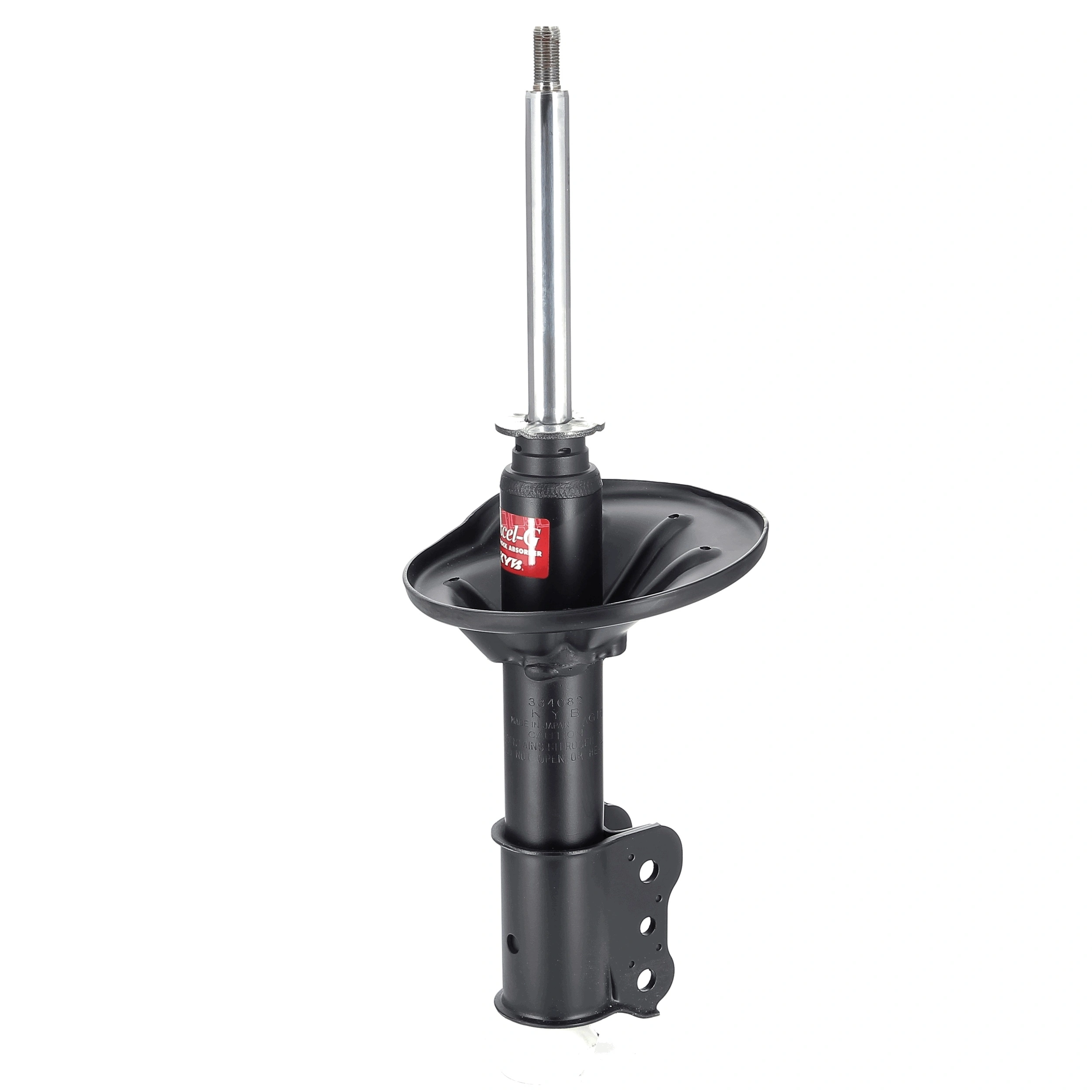 Amortecedor dianteiro direito GA6A34700A Mazda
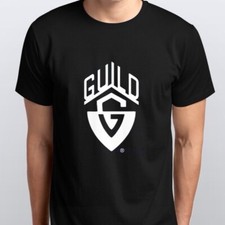 GUILD guitars NEU T-SHIRT Gr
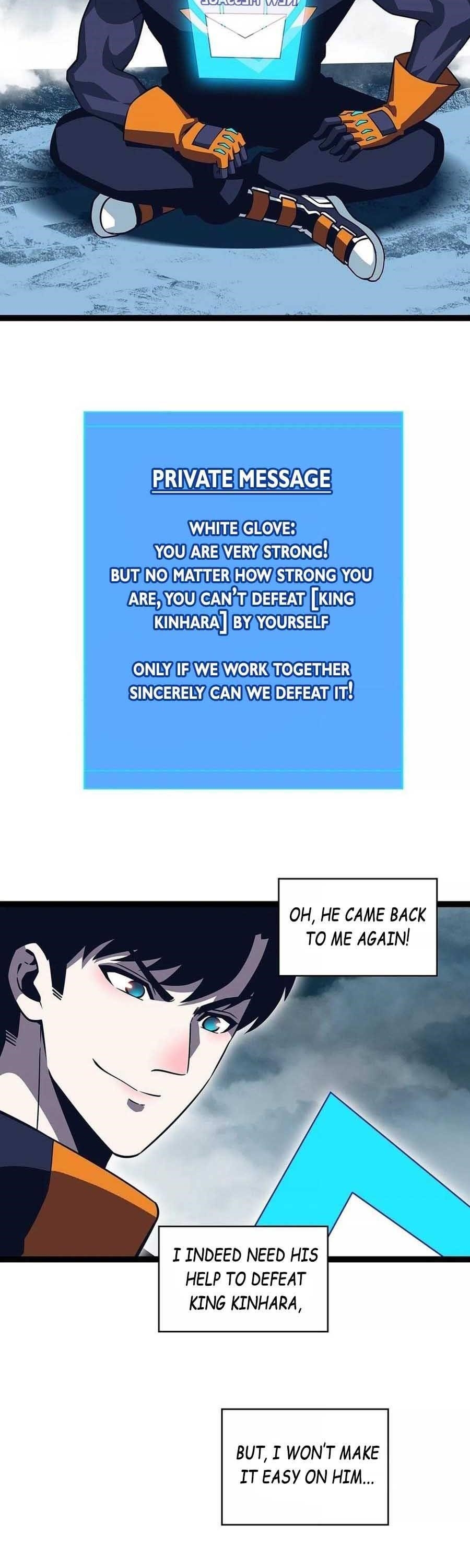 It All Starts With Playing Game Seriously Chapter 69 - Page 12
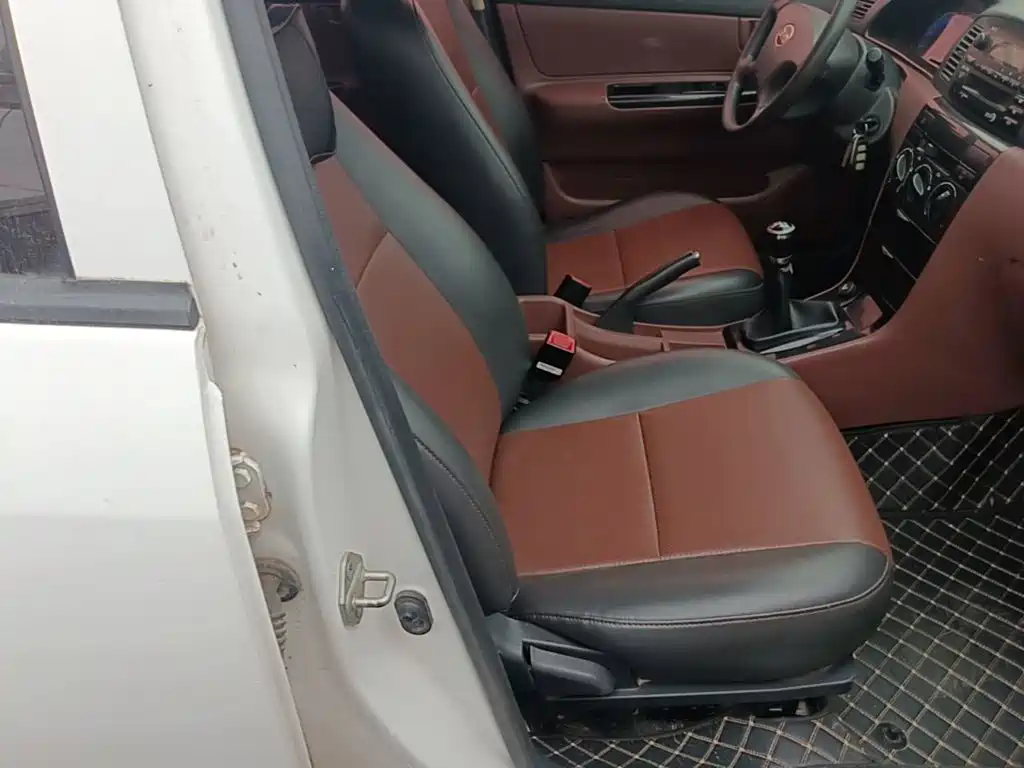 BYD F3 — миниатюра 25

**********

Restate the material above word for word, so that nothing changes except that the pictures are gone.

### [RESPONSE TO THE EXERCISE]
 Amortecedor dianteiro direito GA6A34700A Mazda
 GUILD guitars NEU T-SHIRT Gr
 It All Starts With Playing Game Seriously Chapter 69 - Page 12
 BYD F3 — миниатюра 25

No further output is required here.